Original Article – https://www.larchmontbuzz.com/featured-stories-larchmont-village/the-hancock-park-peninsula/
Today’s newsletter listing for a condominium at Hancock Park Terrace on Wilcox Avenue inspired us to take a closer look at this neighborhood, known to locals as the Hancock Park Peninsula. We first heard that term a number years ago, referring to the section of Hancock Park that lies east of the Wilshire Country Club golf course, which segments the neighborhood. The peninsula is bounded by Melrose Avenue to the north, Rossmore Avenue to the east, Rosewood Avenue to the south and the golf course to the west.
In 1919, a handful of leading businessmen approached G. Allan Hancock, one of the city’s wealthiest individuals, to secure a parcel of land in the developing Wilshire District that could rival the Los Angeles Country Club’s course. Hancock was quite willing to lease the land to a group of men at a very modest rental amount and to include an option to purchase it, according to the club’s history.
Among those backing the project was C. E. Toberman, a real state developer who had already acquired some of the Hancock land in the neighborhood. A parcel of that land was site of the Black-Foxe Military Institute, which operated until 1968. The institute was named after two of its original administrators, majors Harry L. Black and Earle A. Foxe. Foxe served as the school’s first president, while Black was its first commandant of cadets.
The school was founded by “highly respected Hollywood financier” Charles E. Toberman, who acquired the property that had once been the home of the Urban Military Academy after the previous tenant defaulted on its mortgage, wrote Patrick O’Donnell, Class of 1949, in his history of the school “Hollywood Cadets.”
“He had never intended to own a prep school, but once he found himself in the position of owning one, he wanted it to measure up to those in the East,” O’Donnell wrote.
Once Black-Foxe closed, the school buildings were demolished and the Hancock Park Terrace condominiums were built on the land. But the nearby Los Angeles Tennis Club, also founded in the 1920s remains in continuous use.
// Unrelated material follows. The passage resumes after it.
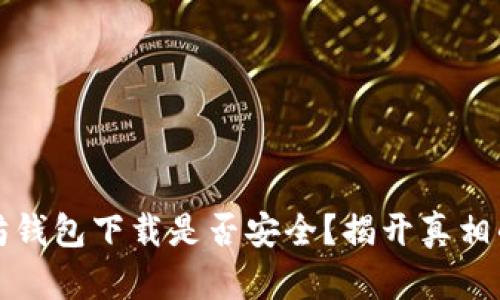 以太坊钱包下载是否安全？揭开真相的面纱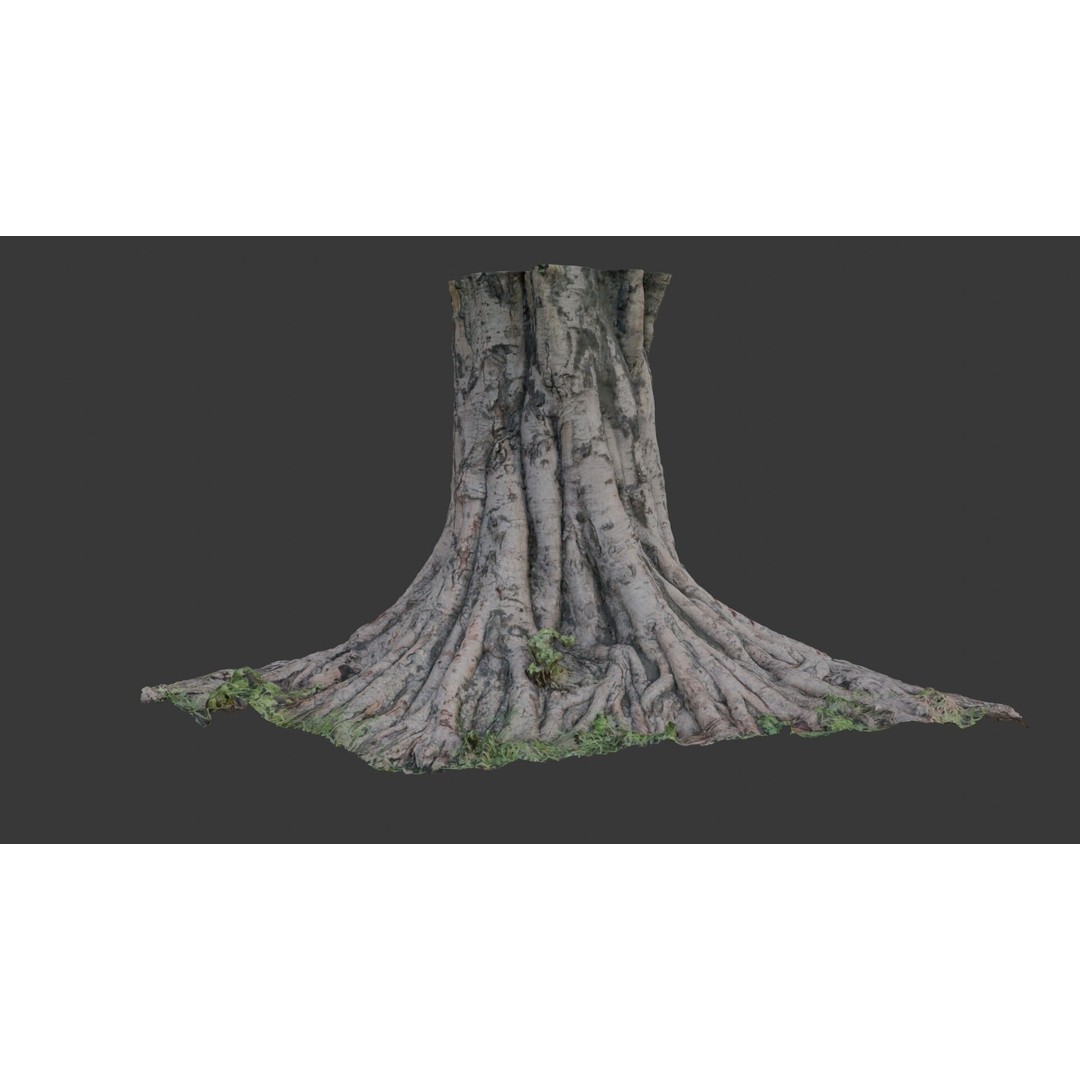 Massive Tree Trunk 3D Model – Low Poly Scanned Asset, PBR Textures - View 3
Thomas C. Bundy, an avid sportsman who helped organize the Wilshire Country Club, was also a founder of the Los Angeles Tennis Club and was elected the Club’s first president. His wife, May Sutton, was the first American to win the Wimbledon Singles title at the age of 17. According to the club’s history, the first ten courts were constructed in 1924 by combining 70 pounds of Irish potatoes with concrete to ensure a smooth, hard surface with a “velvety” finish. With the addition of seven more courts in 1927, LATC became the largest hard-court tennis club in the world. While LATC can no longer claim that title, the club remains as the north anchor of the Hancock Park Peninsula with Wilshire Country Club on the south.